Como todas las grandes capitales, dentro de París conviven, al menos, dos ciudades que tienen poco en común. Entre los dos millones doscientos mil habitantes que residen en el centro y los ocho que habitan en sus arrabales apenas existe contacto.
En el centro histórico se encuentra el distrito XVIII. A la orilla derecha del Sena. A los pies de la colina sobre la que se yergue la iglesia del Sacré Coeur, comienza a hervir el boulevard Barbés. Hombres y mujeres, de diferentes etnias y colores, se afanan alrededor de tenderetes que han colocado ante las puertas de las viejas casas. Están preparándose para abrir su mercado. En sus templetes se podrán encontrar muchas baratijas y quizás algún tesoro de la lejana África.
Los núcleos importantes de inmigrantes se encuentran en las afueras de París, en las “banlieues”. En sus despersonalizadas calles, moran muchas de las víctimas de la crisis. Fracaso escolar, rap, pobreza, mafia y drogas, son palabras que se escuchan en voz baja mientras se atraviesa el barrio. Nadie habla cuando te acercas. Como si fueras un habitante de otros mundos las mujeres te observan con descaro.
Mezclado con el odio, el frío acerado del viento del norte, se cuela entre los bloques de casas. Muchos, se saben condenados a la expulsión, otros acabarán en las cárceles, víctimas de sus propios errores. Los más, vapuleados por el destino, sin formación ni empleo, entre el alcohol y las drogas, se dejarán morir en una esquina. Hijos de inmigrantes, nacieron en Francia, pero nadie se enteró de ello.
Hombres y mujeres silenciosos intentan devolver la dignidad humana a las personas que la perdieron hace tiempo. Los voluntarios de la Asistencia Social, que viven en el barrio, luchan por cambiar el mundo, su mundo. Saben que morirán en el intento pero, a pesar de todo, creen que merece la pena intentarlo.
Son las nueve y media de la mañana del día 7 de enero de 2015. La gente se mueve de un lado para otro por las anchas calles. Hace frío y llueve. Un día de invierno. Dos hombres vestidos de negro entran en un coche. Parece que tienen prisa. Van al centro. Media hora más tarde, dos encapuchados vestidos de negro entran en el edificio en el que se encuentra la redacción de un periódico satírico de izquierdas: Charlie Hebdo.
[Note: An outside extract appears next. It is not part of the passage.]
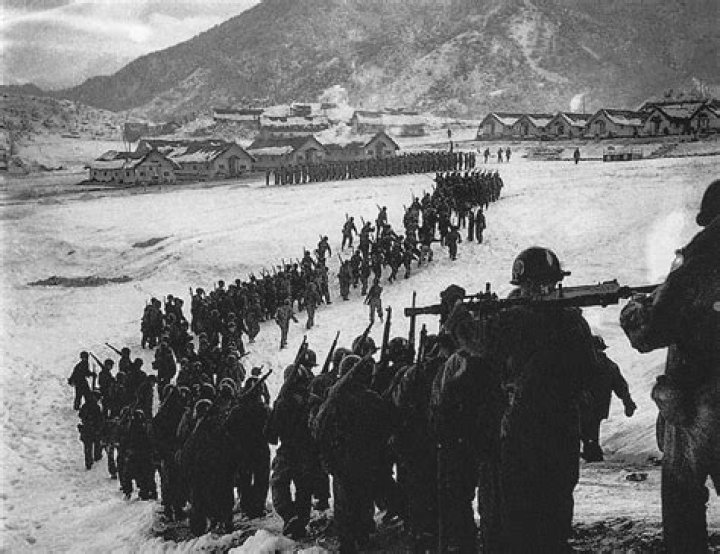 What happened to Douglas MacArthur after Korean war?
Bajo sus ropas esconden sendos Kalashnikov. Empujan al vigilante y abren violentamente la sala de reuniones donde se encuentran varias personas reunidas. Alguien dirá, horas más tarde, que les escuchó gritar palabras ininteligibles. Algo referido al profeta Mahoma.
La revista, Charlie Hebdo, había publicado unas caricaturas de Mahoma que muchos musulmanes consideraron blasfemas, la contestación radical fue el atentado contra sus editores.
Alguien, erigido en dios, había decidido castigar con la muerte la audacia de unos caricaturistas. La respuesta solidaria fue inmediata, pero algunas de las consecuencias no se lograron evitar. La frase de Borges recobró actualidad y se esgrimió por doquier: “Amar al enemigo no es tarea de hombres sino de ángeles”.
Nadie está legitimado para segar la vida de un semejante. Nadie puede erigirse en juez y verdugo, cortando de raíz la “libertad de expresión”. Pero, también es cierto que la libertad de expresión debe autocensurarse cuando se ataca, de forma procaz, una figura fundamental para los fieles de una religión y Mahoma lo es para el Islam.
Se argumentará que, los Estados modernos son laicos y que, en ellos, la religión es un sentimiento, una creencia personal, que forma parte de la vivencia interior de cada ser humano. Aunque, habrá que recordar que ese ser humano es sujeto de derechos que todos tenemos la obligación ética de respetar.
A pesar de que una mayoría aplastante de los islamistas ha condenado los asesinatos, separando la religión de la violencia, la crisis de valores que se enseñorea de Europa ha promovido un sentimiento islamofóbico muy peligroso para la convivencia. Mientras tanto, la noche cae sobre París. En la banlieue, el viento del norte corta como un cuchillo los rostros de los caminantes que se retiran a sus casas. Llueve con una lluvia fina y dura. El mercadillo de la calle Barbés, duerme. Ajenos al ruido exterior, en una pequeña habitación cedida por el Ayuntamiento, algunos voluntarios siguen luchando por construir un mundo mejor, en el que, cuando menos, nos respetemos los unos a los otros.